Backward compatibility: Peers that omit origin_node_id still work: repair logic falls back to the flush naming convention (_n{node_id}_ in the filename). Helpers: manifest_entry_matches_origin, parquet_path_suggests_origin.
3. Canonical bucket content hash¶
Files: src/cluster/data_hash.rs — compute_bucket_hash, BucketHashResponse
For a given (database, retention policy, measurement, bucket_start_nanos, bucket_duration_nanos, origin_node_id):
- Select Parquet files whose metadata
originequalsorigin_node_idand whosemin_timefalls in[bucket_start, bucket_start + bucket_duration). - If none match → response hash
"empty",file_count: 0. - Otherwise read each file from storage, merge Arrow batches, sort canonically by
time(then column order), serialize to Arrow IPC stream bytes, SHA-256 hex digest.
The same function runs locally and behind GET /internal/bucket-hash so both sides use identical semantics when durations and parameters match.
4. Verified compaction (multi-origin buckets)¶
File: src/application/compaction_service.rs — verified_compact
When it runs: After each periodic compact() tick, if the node was bootstrapped with cluster membership (with_verified_compaction in src/bootstrap.rs).
Age gate: Only buckets with data older than verified_compaction_age_secs (default 3600s) participate—avoid fighting the in-memory / WAL tail.

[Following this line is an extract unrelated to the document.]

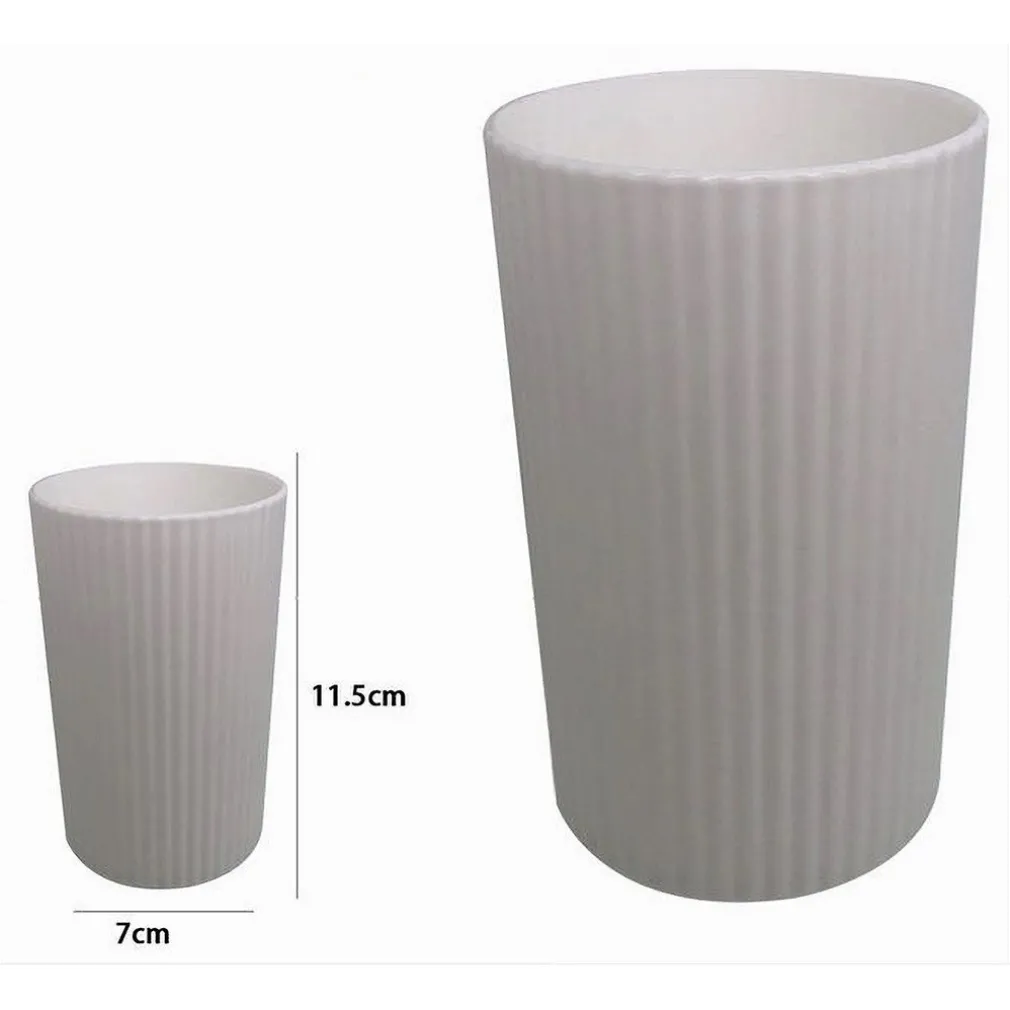 BICCHIERE PORTASPAZZOLINI COLORE BIANCO RIGATO ACCESSORIO PER ARREDO BAGNO 79163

Algorithm (per measurement):
- Group local files by
(time_bucket, origin_node_id). - For each remote origin present in that bucket’s map, resolve the peer address from membership, compute local hash via
compute_bucket_hash, fetch remote hash fromGET /internal/bucket-hash(includingbucket_duration_nanosaligned with local compaction config). - On mismatch,
fetch_and_replace_origin_data: remove local files for that origin in that bucket, pull the peer’s manifest, download matching Parquet via/internal/sync/parquet/...only for manifest rows that match the origin (manifest_entry_matches_origin). - When all remote origins in the bucket verify, optionally merge multi-origin inputs into compacted outputs (existing verified-compaction merge path).
Limitation addressed elsewhere: If the bucket only contains this node’s origin (no local metadata for peer files), the old loop never contacted peers. Membership-driven repair (below) closes that gap.

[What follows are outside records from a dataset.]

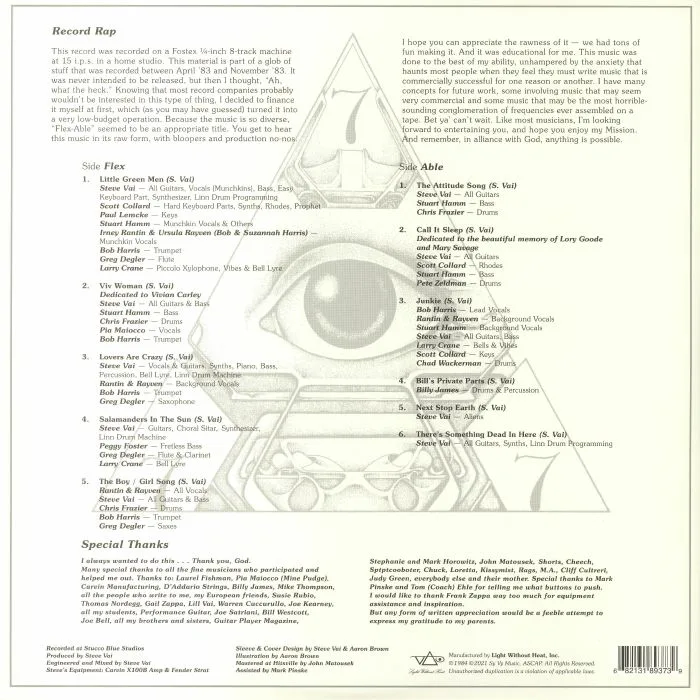 Back cover — Steve VAI — Flex Able: 36th Anniversary Edition
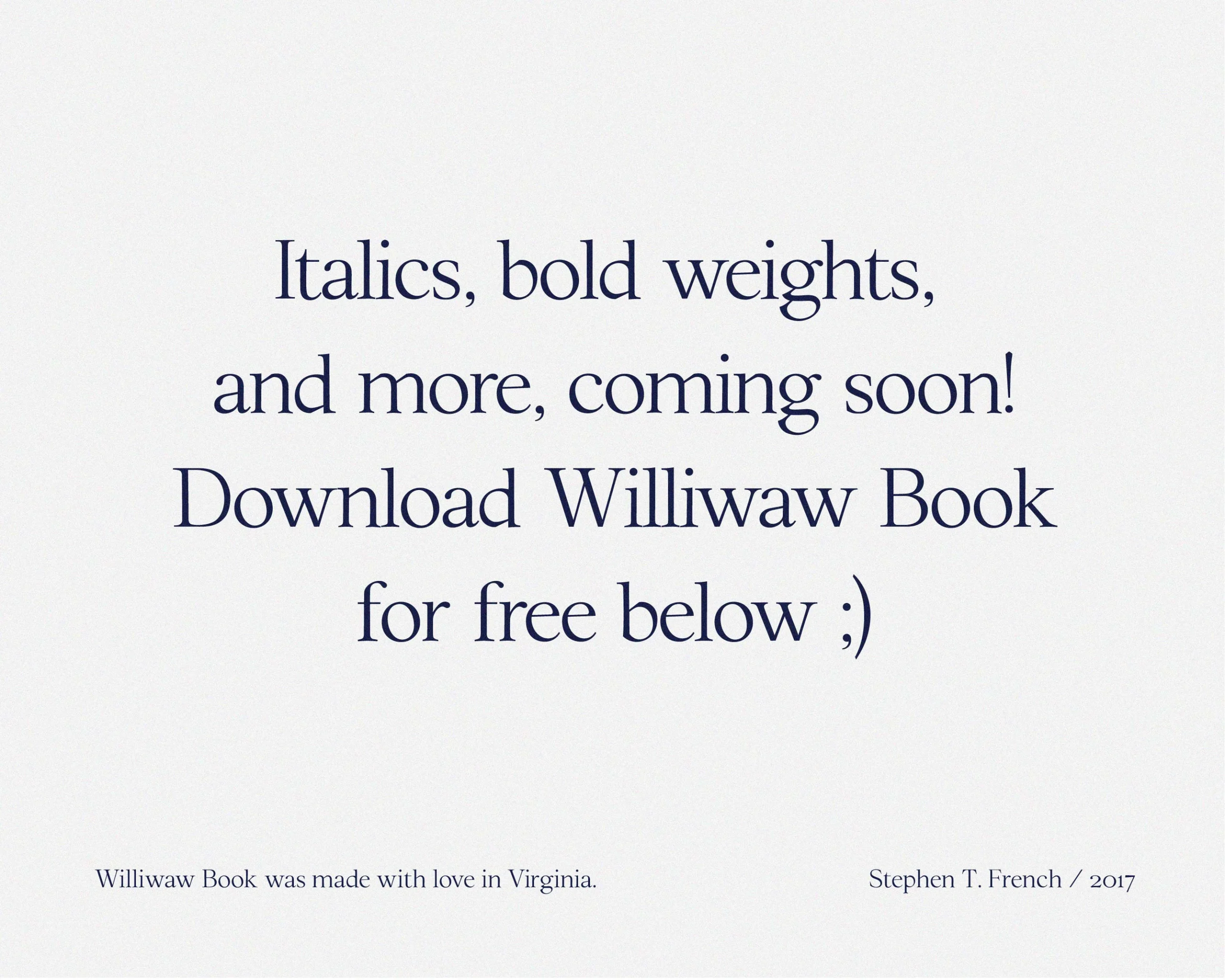 Williwaw:适合品牌、杂志与书籍排版的免费英文字体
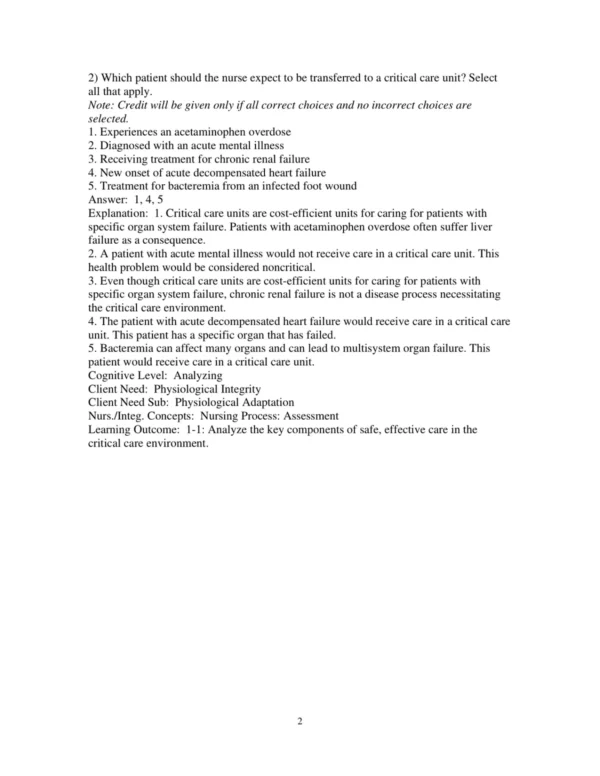 Test Bank For Understanding The Essentials Of Critical Care Nursing 3rd Edition Kathleen Perrin 2 Test Bank For Understanding The Essentials Of Critical Care Nursing 3rd Edition Kathleen Perrin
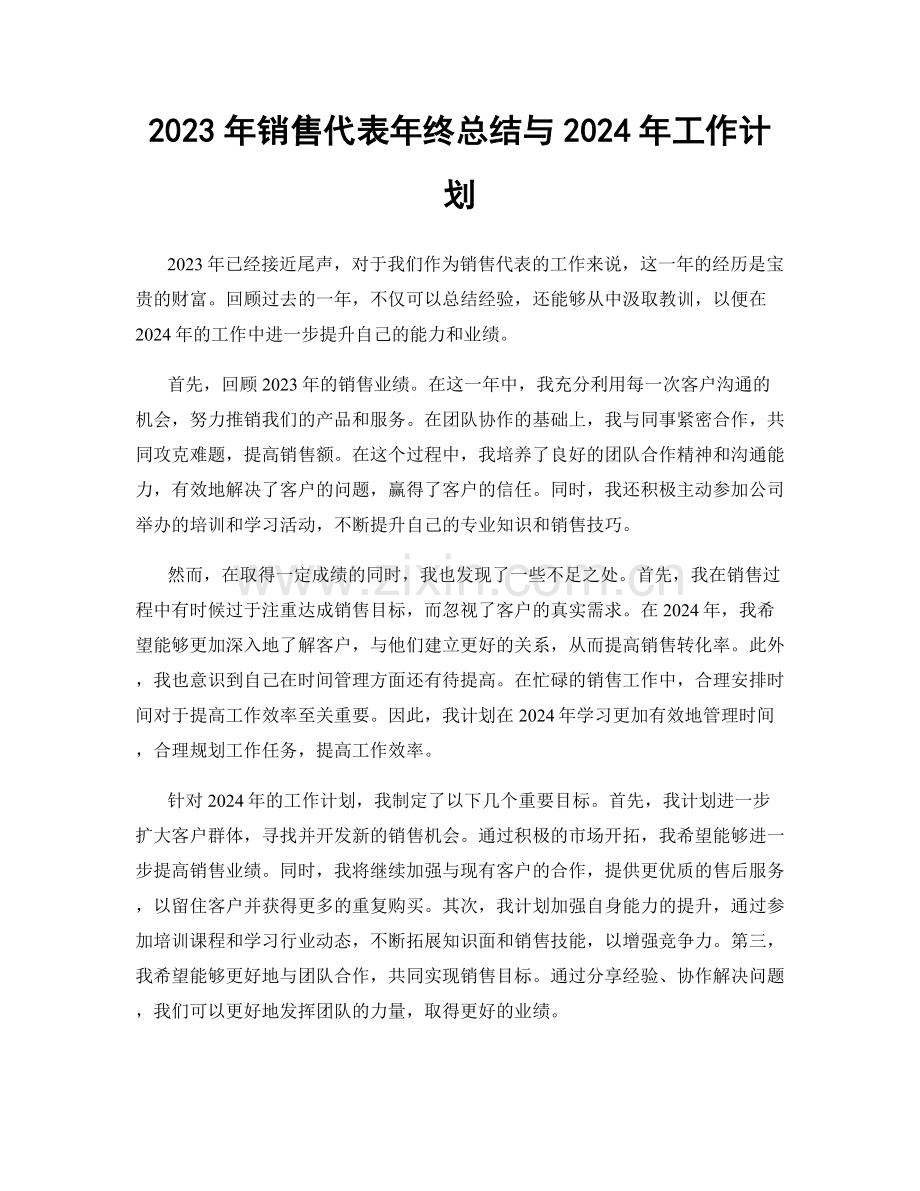 2023年销售代表年终总结与2024年工作计划.docx_第1页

5. Membership-driven repair (missing slices)¶
File: src/application/compaction_service.rs — repair_missing_peer_slices
When it runs: After verified_compact on the same tick, if self_repair_enabled is true and max_repair_checks_per_cycle > 0.
Peer set: Active members only (active_peers), excluding self—unreachable nodes are skipped for that cycle.
Per cycle (bounded work):
- Sort peers by
node_idfor determinism. - For each peer P,
GET /internal/sync/manifestonce. - Scan manifest entries where:
min_timeis below the same age cutoff as verified compaction (verified_compaction_age_secs), and- the row is authored by P (
manifest_entry_matches_originwithpeer_id == P). - Dedupe keys
(P, db, rp, measurement, bucket_start)and collect at mostmax_repair_checks_per_cycledistinct repair targets. - For each target: compare local vs remote bucket hash; if different (including
"empty"vs non-empty), runfetch_and_replace_origin_datatoward P.
This discovers work from the author’s manifest even when this node has no local rows for P in that bucket.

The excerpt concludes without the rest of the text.